The family meal can be a simple yet crucially important daily event in which family members bond, discuss the things that are most important to them, and in which kids learn about their cultural heritage. After all, there are very real messages in both what you eat and how you eat it.
There's one catch though. OK, a couple. Don't eat in front of the TV. (And by that, yes, we do specifically mean with the TV on.) Doing that inhibits that good old communication we just mentioned. And don't eat take-outs, because they aren't healthy most of the time. Healthy eating starts at home, in the family — with balanced meals cooked from scratch. Balanced and healthy family meals don't have to take a lot of time to prepare, however, and if you have small kids who are picky eaters, they don't have to look healthy either.
I'm a second-generation vegetarian. I've been meat-free since birth, and so have my two kids, which makes them third-generation vegetarians. We're lacto-ovo, which means we enjoy eggs and dairy products on a regular basis. Still, most of our meals are very vegetable heavy. Vegetables are full of vitamins and minerals. They are cheap, and they are easy to prepare.
I have a friend, also with two kids, who doesn't agree. Whenever she comes over for dinner with her little gang, she ends up having a pizza delivered to my house. My staples? Asian vegetable-fried rice, Middle Eastern style falafel, humus (those are both chickpeas), and baba ganoush (that's eggplant), and Mexican-style salads with home-made tortillas, salsa (that's tomatoes) and guacamole (that's avocados).
“Sorry,” she'll say as she phones the pizza place, which she has on speed dial on her cell phone.
“Your meals just look too healthy. My kids would never eat that.”

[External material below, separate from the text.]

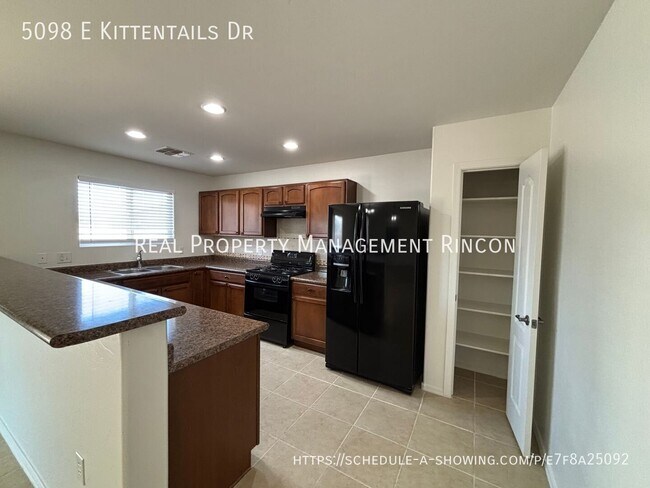 Building Photo - 5098 E Kittentails Dr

I have to say I was a little judgemental. And then, my younger kid — who used to scoop hot, and I mean hot Korean pepper paste right out of the jar and eat it — developed a vegetable phobia. What kind of mother has to hide vegetables in her kids' meals? This question crossed my mind more than once. Plenty of moms, it turns out. Vegetable phobias can happen, even if you raised your kids on those “healthy-looking foods” my friend commented so crossly about so many times.
A life-long habit of eating healthy meals starts in childhood, at the family dinner table. But you may have to be flexible about what those meals look like. So, I've put together some tips. These are healthy foods that even my friend's pizza-loving kids enjoy, and that my veggie-phobic four-year old doesn't complain about.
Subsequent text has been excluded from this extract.